Namanya Faisal Syam. Murah senyum, sederhana, baik hati dan orangnya lain dari yang lain.
Aku pernah mengirimkan pesan singkat dalam rangka memberi feedback atas tulisannya. Alhamdulillah aku senang sekali, sebab seorang penulis yang memiliki jabatan tinggi di perusahaan Fajar itu ternyata juga dapat berinteraksi dengan orang kecil sepertiku. Beliau juga mengagumi tulisan-tulisanku di blogku (www.emjipi.blogspot.com) bahkan beliau pernah mengatakan agar aku dapat membukukan tulisan-tulisanku didalam blog itu.

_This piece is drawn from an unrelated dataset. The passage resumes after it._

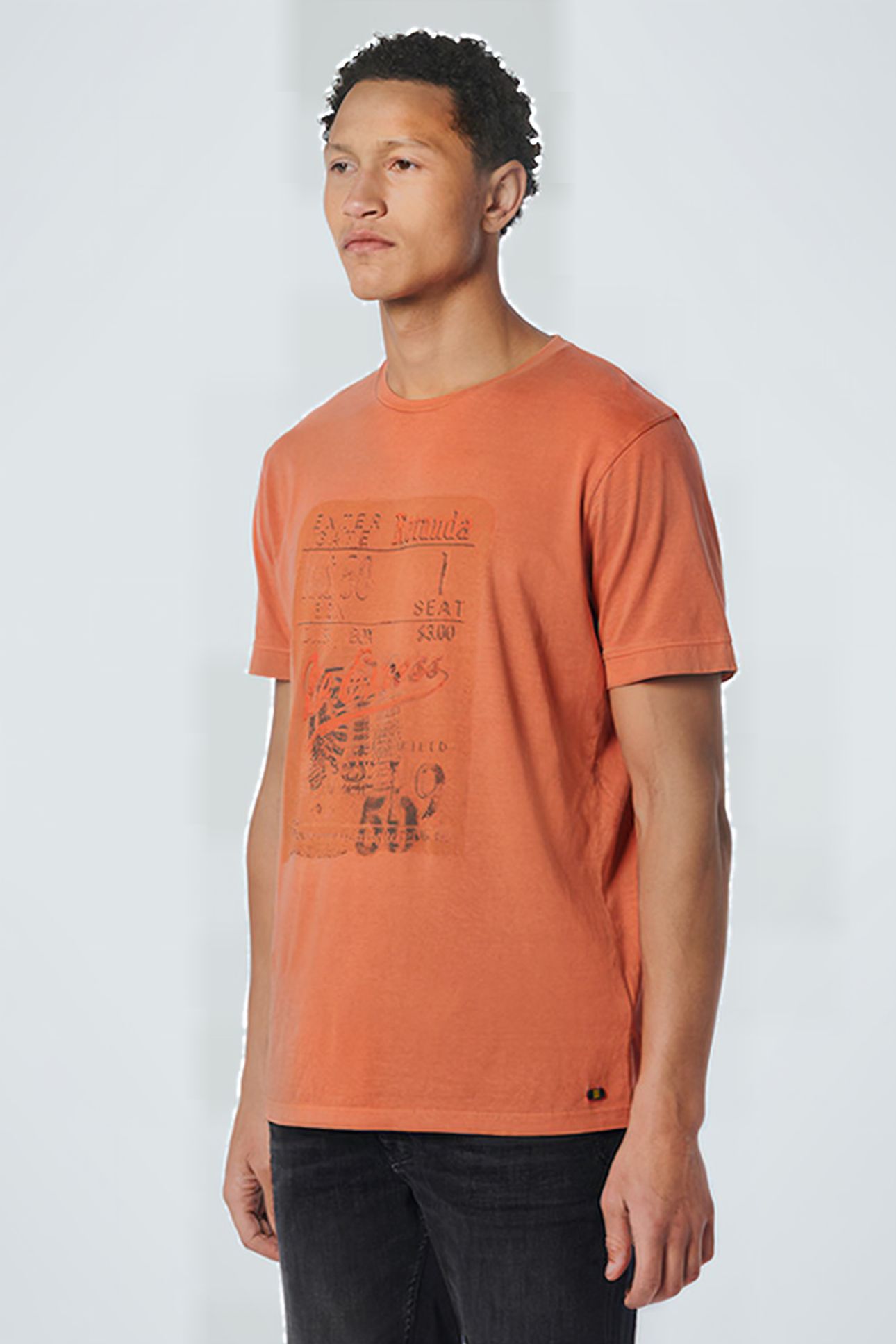 T-SHIRT CREWNECK PRINT GARMENT DYED PAPAYA 1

Pernah suatu ketika beliau mendatangi kampusku. Tepat di LT Fakultas Dakwah dan Komunikasi (FDK). Saat itu beliau sedang mem-bedah bukunya yang berjudul "I Love Monday."
Saat kegiatan bedah buku itu berlangsung, aku tidak sedang berada di tempat. Saat itu aku masih berada di auditorium kampusku sedang mengikuti seminar. Akan tetapi, seketika itu aku mendapat pesan singkat dari kawanku di jurusan Jurnalistik yang sedang berada di LT FDK saat sedang mendengarkan materi yang dibawakan oleh Faisal Syam.
Dalam pesannya temanku yang bernama Afril itu mengatakan, "Galang.. namamu disebut oleh Kak Faisal Syam sekarang di LT Fakultasku."
Seketika itu pula aku langsung meninggalkan gedung auditorium dan bergegas pergi ke LT FDK untuk ikut serta mendengarkan materi yang dibawakan oleh Kak Faisal Syam.
Akhirnya aku pun melihatnya. Seorang penulis yang masih sangat muda, namun telah sukses di media.
Ketika acara itu selesai, aku lalu naik ke depan, menyalami tangannya, lalu aku berfoto dengan beliau. Satu pesan beliau saat itu yang masih ku ingat sampai saat ini, yakni "Bukukan tulisanmu."
Alhamdulillah. Saat ini aku sudah menulis satu buku. Berupa antologi puisi "The Poetic Critique", sajak-sajak kritik bernada puitis.
Beliau juga bernah mengirimkan sms kepadaku, "Setelah buku pertama, harus diikuti dengan buku kedua."
Ya, itulah semangat yang diberikan kepadaku agar aku dapat terus menulis.
Selain itu, aku juga pernah mengirimkan puisiku melalui email ke seorang redaktur perempuan muda di koran harian FAJAR. Ya beliau adalah pemegang kendali rubrik remaja "KeKeR dan SKeMa." Beliau pernah menerbitkan puisiku berjudul "Sang Penulis Sejati" pada edisi Sabtu, 13 Juni 2015 lalu. Ucapan terima kasihku juga kuperuntukkan untuk beliau, Kak Dian Muhtadiah Hamna.
Meski tak selamanya tulisanku dimuat, namun aku bersyukur tulisanku pernah terbit di salah satu rubrik koran FAJAR. Sebab hal itu telah memberi kesan intelektual tersendiri buatku, saat kulihat ada foto dan tulisanku terpampang di koran terbesar di luar Pulau Jawa ini.
***
Senin yang lalu, tepat pada tanggal 28 September 2015, aku kembali menginjakkan kakiku ke gedung pencakar langit itu.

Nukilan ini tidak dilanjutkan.